Action directe au « Trappeur » Sillans

Le 17 sep­tembre, 150 ouvriers du « Trap­peur » se mettent en grève et occupent l’usine.

Cet éta­blis­se­ment spé­cia­li­sé dans la chaus­sure de ski ver­sait les salaires les moins bas de la région en échange d’un tra­vail « aux pièces » par­ti­cu­liè­re­ment inten­sif. Le groupe André l’a absor­bé. Pour aug­men­ter la pro­duc­ti­vi­té ou dimi­nuer les salaires, les patrons ont impo­sé une nou­velle grille de salaire. Ce nou­veau sys­tème de rému­né­ra­tion a d’a­bord été appli­qué à l’a­te­lier des piqueuses.

Celles-ci ont rapi­de­ment consta­té que pour un même tra­vail elles gagnaient 25 % de moins. Elles ont refu­sé de rendre les tickets, donc de se sou­mettre au contrôle.

La direc­tion a alors déci­dé de les payer sui­vant le mini­mum de leur catégorie.

Les piqueuses ont ripos­té en tra­vaillant à l’ac­ti­vi­té minimum.

La direc­tion ne fait aucune pro­po­si­tion nou­velle à la com­mis­sion de conci­lia­tion et essaie de sanc­tion­ner le secré­taire du syn­di­cat C.G.T. Les ouvriers décident la grève et occupent l’usine.

Le soir même, les ouvriers de l’u­sine voi­sine (ski Dyna­mic) débrayent et viennent mani­fes­ter devant le Trappeur.

Quelques jours après, les ouvriers votent la pour­suite du mou­ve­ment. Le comi­té inter­syn­di­cal (C.G.T., C.F.D.T., S.N.I.), comi­té de base inter­can­to­nal, lance un appel à la soli­da­ri­té. L’ap­pel à la soli­da­ri­té finan­cière est tou­jours valable : Alain COTTE – C.C.P. LYON 4662 – 36.

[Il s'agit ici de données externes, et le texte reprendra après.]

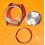 Tugaris Space Conqueror 2394 vintage watch parts case, dial and plexiglass for sale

Dans une décla­ra­tion au « Monde » du 24 sep­tembre, la direc­tion essaie de jus­ti­fier son offen­sive. Elle invoque les néces­saires muta­tions tech­niques, l’ur­gence de sub­sti­tuer à la fabri­ca­tion de type clas­sique la fabri­ca­tion de la chaus­sure mou­lée, encore bien embryon­naire et bien aléa­toire à Sillans :

« Nous cher­chons donc à don­ner à ce per­son­nel de fabri­ca­tion clas­sique une pro­duc­ti­vi­té supé­rieure pour lui per­mettre de se recon­ver­tir dans les autres branches de notre fabri­ca­tion traditionnelle ».

Dans un tract, les ouvriers ont répondu :

« Alors pour­quoi se cre­ver au bou­lot et perdre son salaire si, par-des­sus le mar­ché, on se retrouve à la porte en guise de remerciement ? »

Aux cégé­tistes ortho­doxes qui reprochent aux délé­gués de ne pas avoir « orien­té cor­rec­te­ment » les ouvriers vers… des grèves tour­nantes, les délé­gués répondent :

« Nous appor­tons à la base le maxi­mum d’in­for­ma­tions et c’est elle qui décide ».

Et ils ajoutent :

« Eux et nous n’a­vons pas la même concep­tion de la démocratie ».

Le 24 sep­tembre, les ouvriers dis­cutent de nou­velles pro­po­si­tions patro­nales : amé­lio­ra­tion sub­stan­tielle de la grille des salaires et cer­taines garan­ties en ce qui concerne l’emploi.

Par 90 voix contre 36, les « pro­duc­tifs » décident la reprise du travail.

L’ac­tion directe a été payante. Mais devant l’in­ca­pa­ci­té des cen­trales C.G.T. mais aus­si C.F.D.T. à faire res­pec­ter l’ar­ticle 6 (avan­tages acquis de la conven­tion col­lec­tive natio­nale), et rela­ti­ve­ment iso­lés mal­gré les efforts du comi­té inter­syn­di­cal de base, les ouvriers ont dû accep­ter un compromis.

La lutte contre les cadences continue.